Lauren Groff


Lauren Groff is an American novelist and short story writer. She has written three novels and two short story collections.

Biography

Groff was born and raised in Cooperstown, New York. She graduated from Amherst College and from the University of Wisconsin–Madison with a Master of Fine Arts degree in fiction.

Career

Groff's first novel, The Monsters of Templeton, was published by Hyperion on February 5, 2008 and debuted on the New York Times bestseller list. It was well received by Stephen King, who read it before publication and wrote an early review in Entertainment Weekly. It was shortlisted for the Orange Prize for New Writers in 2008, and was named one of the Best Books of 2008 by Amazon.com and the San Francisco Chronicle.
The Monsters of Templeton is a contemporary tale about coming home to Templeton, a representation of Cooperstown, New York. It is interspersed with voices from characters drawn from the town's history as well as James Fenimore Cooper's The Pioneers, which is also set in a fictionalized Cooperstown which he also calls Templeton.
Her first collection of short stories Delicate Edible Birds, was released in January 2009. It featured stories Groff published in the New Yorker, the Atlantic Monthly, Five Points, Ploughshares, and the anthologies Best New American Voices 2008, Pushcart Prize XXXII, and Best American Short Stories 2007, 2010 and 2014 editions.
Her second novel, Arcadia, was released in March 2012 and tells the story of the first child born in a fictional 1960s commune in upstate New York.
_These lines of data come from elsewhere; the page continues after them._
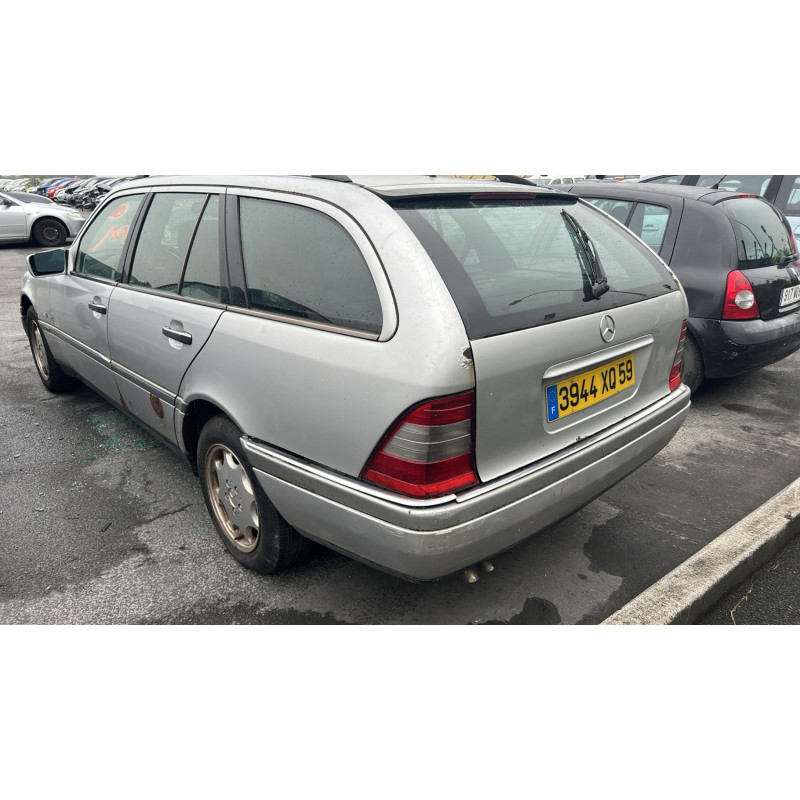 Calandre MERCEDES CLASSE C 202 Photo n°11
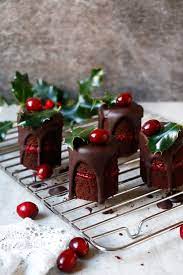 Christmas desserts that provide luxury and match buyers' needs are available on alibaba.com, hence the wide range of materials used in manufacturing. 70 Best Christmas Treats Easy Holiday Treats Recipes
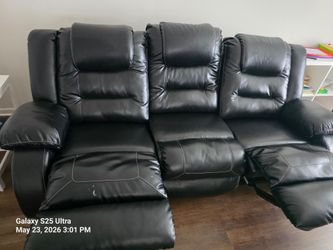 Recliner couch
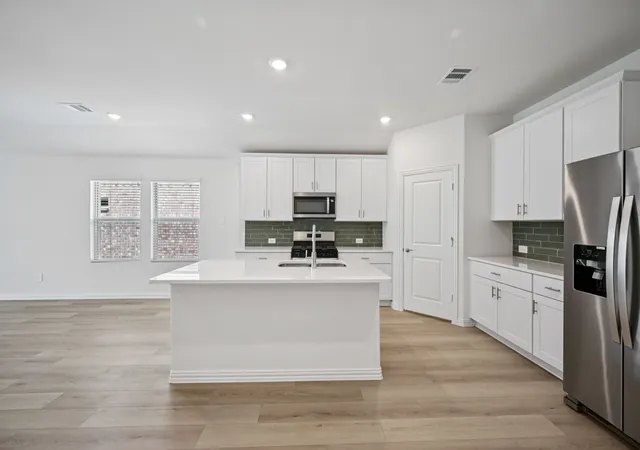 Photo 2 of Sale Pending at 2409 Nicole Dr, Denton, TX 76208 | MLS# 21270173 | Listing updated on 2026-09-14
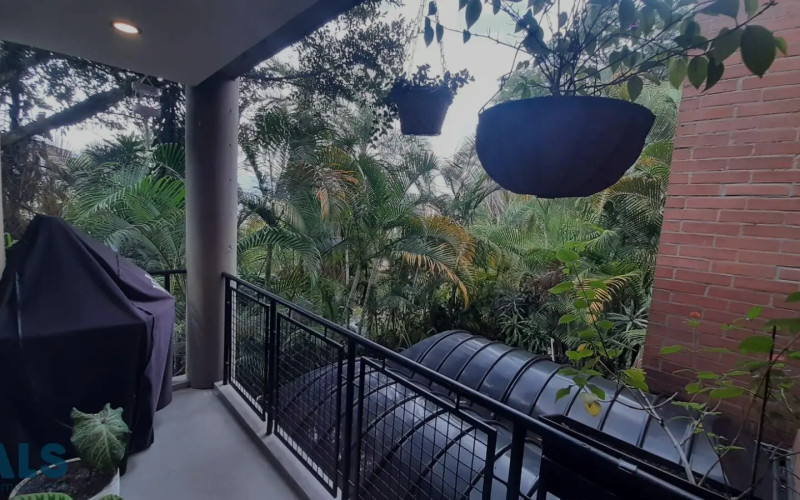 Apartamento en Envigado en Loma del Escobero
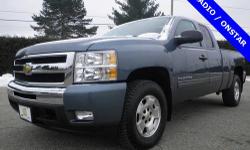 Silverado 1500 LT, 4D Extended Cab, 6-Speed Automatic, 4WD, 100% SAFETY INSPECTED, NEW AIR FILTER, NEW ENGINE OIL FILTER, ONE OWNER, ONSTAR, SERVICE RECORDS AVAILABLE, TRAILERING PACKAGE, and XM RADIO. This hard-working 2011 Chevrolet Silverado 1500 is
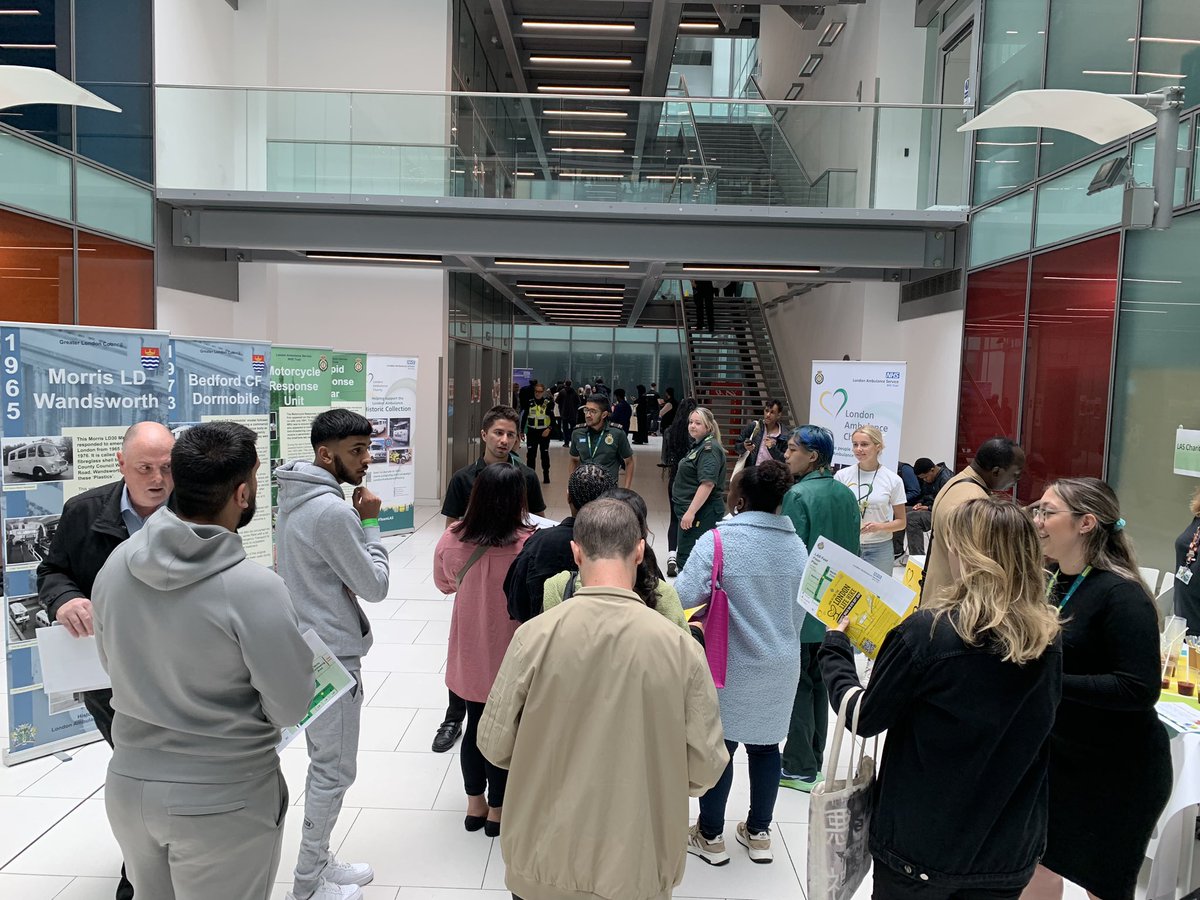 Ldn_Ambulance's tweet photo. #LASFest is our opportunity to inspire the generation of #TeamLAS lifesavers with live ambulance simulations, CPR training, careers advice and a chance to meet our teams.
Already such a great turnout. Head to our Instagram Stories for live updates from the event β
https://t.co/BmCpg6Eo4E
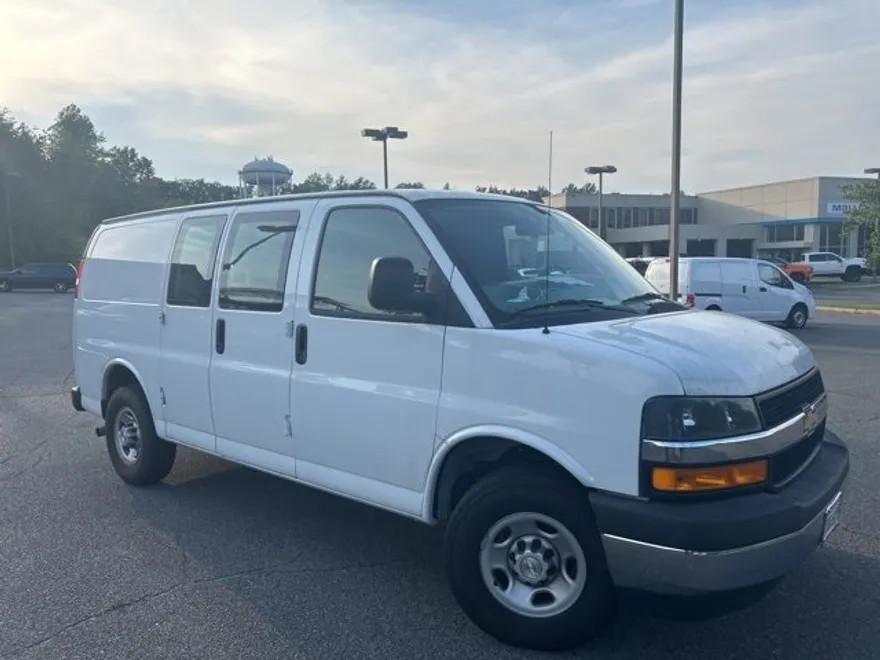 2022 Chevrolet Express Cargo 2500 Van photo 1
A New York Times and Booksense bestseller, it received favorable reviews from the New York Times Sunday Book Review, The Washington Post, and The Miami Herald. The novel was recognized as one of the Best Books of 2012 by The New York Times The Washington Post, NPR, Vogue, The Globe and Mail, Christian Science Monitor, and Kirkus Reviews.
Her third novel, Fates and Furies, was released in September 2015 and was also a New York Times and Booksense bestseller. Fates and Furies is a portrait of a 24-year marriage from two points of view, first the husband's and then the wife's. It was nominated for the 2015 National Book Award for Fiction, the 2015 National Book Critics Circle Award for Fiction, and was featured in numerous "Best of 2015" fiction lists, including the selection by Amazon.com as the Best Book of 2015. President Barack Obama chose it as his favorite book of 2015.
In 2017, she was named by Granta Magazine as one of the Best of Young American Novelists of her generation. In 2018, she received a Guggenheim fellowship in Fiction.
Groff's fifth book, a short story collection titled Florida, was released in June 2018. Florida was the winner of The Story Prize for short story collections published in 2018. It was also a finalist for the 2018 National Book Award for Fiction.

Personal life

Groff is married with two children and currently lives in Gainesville, Florida. Groff's sister is the Olympic Triathlete Sarah True.